Americans who long for a group of moderate Republicans with whom a Democratic president might deal are in for a disappointment. (Bill Clinton had ten or twelve Senate Republicans willing to compromise on or support a bill he favored. On a very rare good day, Obama has four.) That Republican Party is gone and the base of the party isn’t going to permit its return, at least not for the foreseeable future. If anything, the party lines are hardening. The Republican leaders are desperately trying to make sure that the kinds of nutcases who have received nominations for Senate seats in the last two elections, at the expense of more reasonable candidates—and who went on to lose what were likely Republican seats—will no longer jeopardize their party’s fortunes. Karl Rove’s announcement that he would set up an organization to try to prevent likely losers from getting nominated over more trustworthy conservatives isn’t sitting at all well with the grass roots, who will not take dictation from “the establishment” on whom they should nominate.

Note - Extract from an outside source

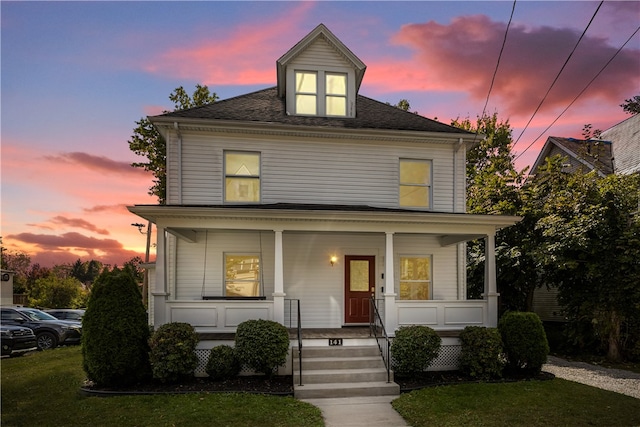 view of front of house featuring a yard and a porch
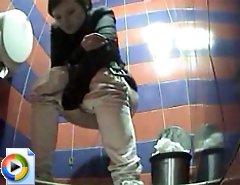 Two sexy girls peeing in front of perverted voyeur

As Nate Silver of The New York Times has pointed out, there are fewer “swing” districts in the House than ever before, creating a great disincentive to compromise. He wrote, “Most members of the House now come from hyperpartisan districts, where they face essentially no threat of losing their seat to the other party. Instead, primary challenges, especially for Republicans, may be the more serious risk.” The great shift toward the right on the Republican side in Congress occurred in 2010, when participation, as usual with off-year elections, was limited to the most zealous. The result was a dramatic increase in Republican control of entire state governments—from which have flowed the laws to break up public employee unions and tighten restrictions on abortions to the point of effectively strangling Roe v. Wade, as well as the efforts to fix federal elections through restricting voting rights of supporters of Democrats, and in some states even tinker with the electoral college. State governments of course do reapportionment, which can determine which party controls the House of Representatives.

Is the country going to be governable? We need parties that can sort out our differences without threat from extremes that weaken the democratic system. People in despair over politics in Washington would be well advised to start paying more attention to who gets elected to their state capitals.